Bill could result in loss of pay for federal workers Possibility of losing three days of salary over six weeks exists

January 27, 1996|By John B. O'Donnell | John B. O'Donnell,SUN NATIONAL STAFF

WASHINGTON -- The temporary spending bill that Congress approved last night to keep the government open until March 15 contains a bitter pill for federal workers -- the possibility of losing three days pay over the six weeks that the legislation is in effect.

If similar stopgap measures are employed to fund the federal government for the rest of the fiscal year, some workers could lose more than three weeks pay.

Whether anyone will actually lose pay depends on the level of funding Congress is providing the employee's agency and the ability of managers to juggle funds.

Congress and President Clinton have approved budgets for some agencies for fiscal 1996, which began Oct. 1.

But more than a dozen agencies have been operating under a series of temporary measures, some at last year's level of spending and others -- those targeted for deep cuts -- at lower levels, some as low as 75 percent.

In earlier temporary spending bills for the current fiscal year, Congress included a provision that allowed agencies to overspend if that was necessary to avoid furloughing employees.

This measure contains similar language -- but adds an exception. It allows agencies to furlough workers for one day every two weeks to stay within spending limits.

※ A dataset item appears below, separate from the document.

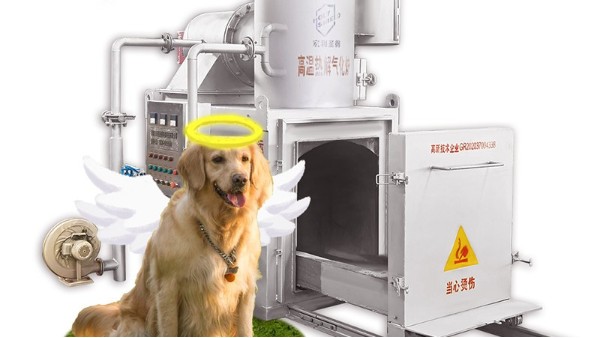 寵物火化爐，與愛寵溫馨告別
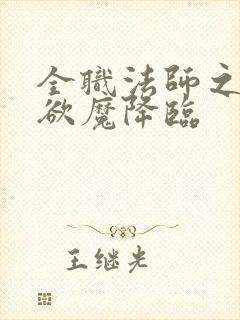 全职法师之宇风欲魔降临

If that isn't sufficient, then the agencies can overspend to avoid additional furloughs.

"We are reducing many agencies and departments by at least 5 percent," Rep. Robert L. Livingston, chairman of the Appropriations Committee, told the House on Thursday. "And unless we begin to start to lay off people or furlough them, if necessary, then any savings that we might have received by virtue of the cuts become moot because everybody is still on the job."

Agency managers and union officials were assessing the impact of the language yesterday.

Furloughing "may or may not happen," said Diane Witiak, spokeswoman for the American Federation of Government Employees. "But they have that option."

Spokesmen for the Department of Health and Human Services, the Labor Department and the Social Security Administration said that furloughs would not be needed under the measure.

"What affects us most is the stop-start-stop-start nature of our funding," said Cam Gardett, an HHS spokesman.

Without the anti-furlough language, said the Office of Management and Budget, several thousand workers would be subject to furloughs of two days to 15 days under the bill passed last night.

Agencies were also beginning to consider the possibility that they would finish the fiscal year with a series of temporary spending measures that cut them below last year's level -- and what that would mean.

If the same provision allowing the loss of one day's pay every two weeks were to last through Sept. 30, the end of the fiscal year, any worker who was furloughed the maximum number of times could lose at least 15 day's pay.

If the Labor Department had to finish the year at reduced levels -- and without any anti-furlough provision, the Occupational Health and Safety Administration, a GOP target for cuts, would have to furlough its entire work force for seven to eight weeks, officials said.

Moreover, it would have to begin dismissal proceedings against 650 of the employees.